ATEbank has long been a hotbed of scandal: In 1999, on the orders of the government at the time, it spent billions to support the Athens bourse. It has been known to expedite the approval of loans for share-buying and was involved in the scandal of structured bonds. It has made investments in risky derivative products, approved loans without guarantees to businesspeople considered bankrupt by the market and granted loans to questionable farming cooperatives. This kind of mismanagement went on for decades, with the participation of the country?s main political parties.
Money-squandering was another part of ATEbank?s problems and as far as its subsidiaries are concerned, this occurred on a grand scale.
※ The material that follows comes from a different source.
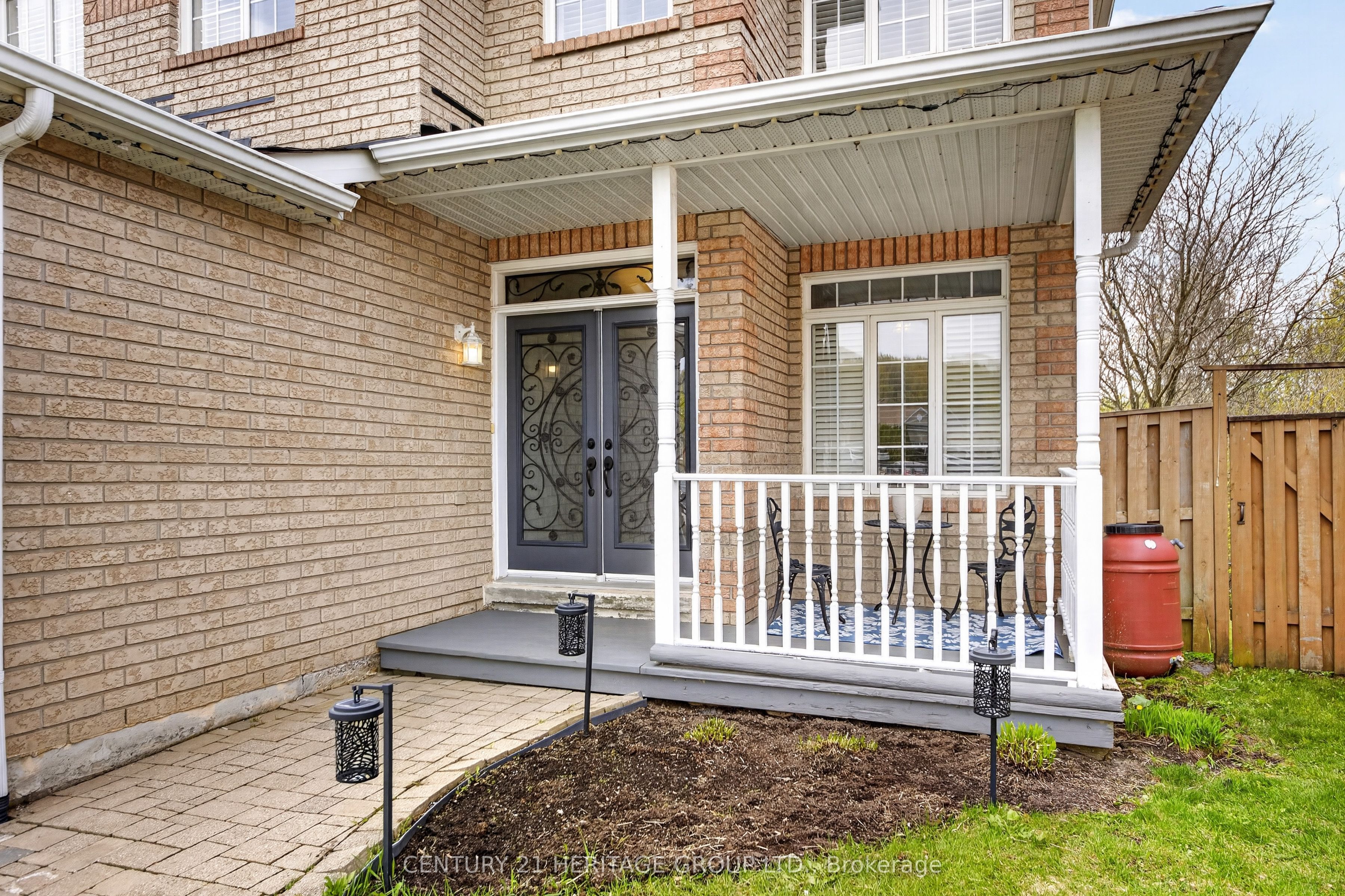 1858 Emerald Court, Innisfil, ON L9S 2A5 photo 2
In fact, out of the funds that the lender spent for the creation and support of those companies, some 82 percent fell through the cracks, while 5 billion euros spent by the state for the bank?s recapitalization from 1997 to 2011 is also gone. In 2011 alone the state boosted ATEbank with fresh funds of 1.55 billion euros.
In the 2002-2010 period the bank showed losses of 300 million euros, but if we add the first nine months of 2011 — that include just a small part of the PSI — losses soar to 1.3 billion. Even in the golden age of the credit system the bank had shown relatively small profits, while in the 2005-2010 period most of the profits, or 10 billion euros, were used to deal with bad loans.
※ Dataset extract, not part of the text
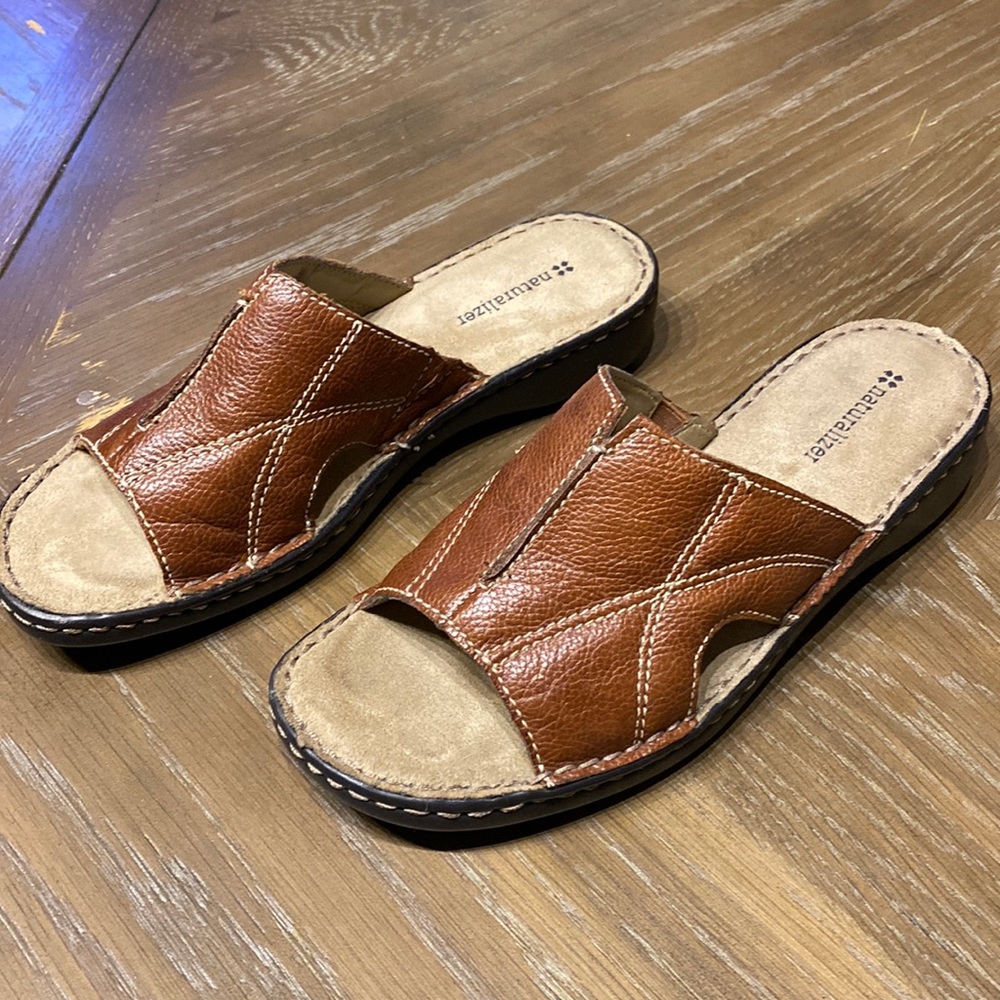 Naturalizer Leather Sandals Size 8W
From the 5,671 people the group employed in 2001, the number rose to above 10,000 in 2010, while today it has dropped to 9,300 after streamlining. Sources say that 10 percent of the staff are cleaners.
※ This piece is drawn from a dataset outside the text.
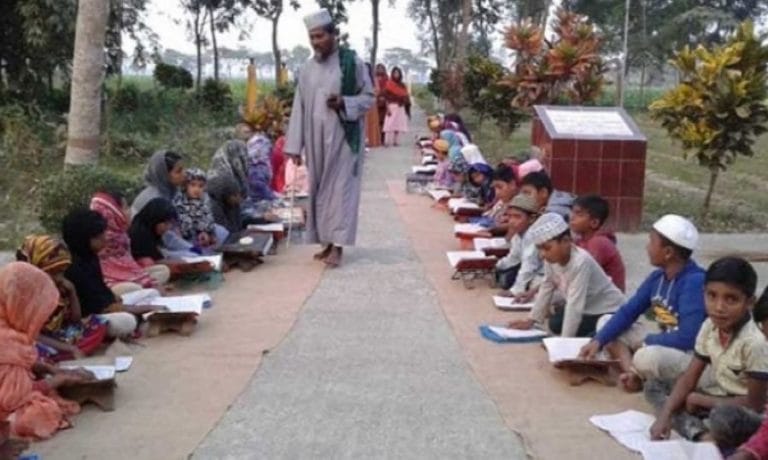 বিনা খরচে ৩৫ বছর ধরে মানুষকে কোরআন শিক্ষা দিচ্ছেন হাফেজ আবদুল হান্নান !!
In a stress test conducted in 2011, ATEbank finished last among the 90 or so European banks that participated. For its capital adequacy index to make the lowest acceptable level of 8 percent, the state would have to recapitalize with 4 billion euros.
The problem had to be resolved by yesterday, the last day of July, otherwise the bank would have been deemed unsustainable and would have had to immediately return the 6.3 billion euros it had received from the Eurosystem. Advised by an independent consultant (Bain), the Bank of Greece decided to split ATEbank in two parts and followed the legislative framework provided. Piraeus and Eurobank EFG submitted offers, but only Piraeus guaranteed all jobs at the ailing lender.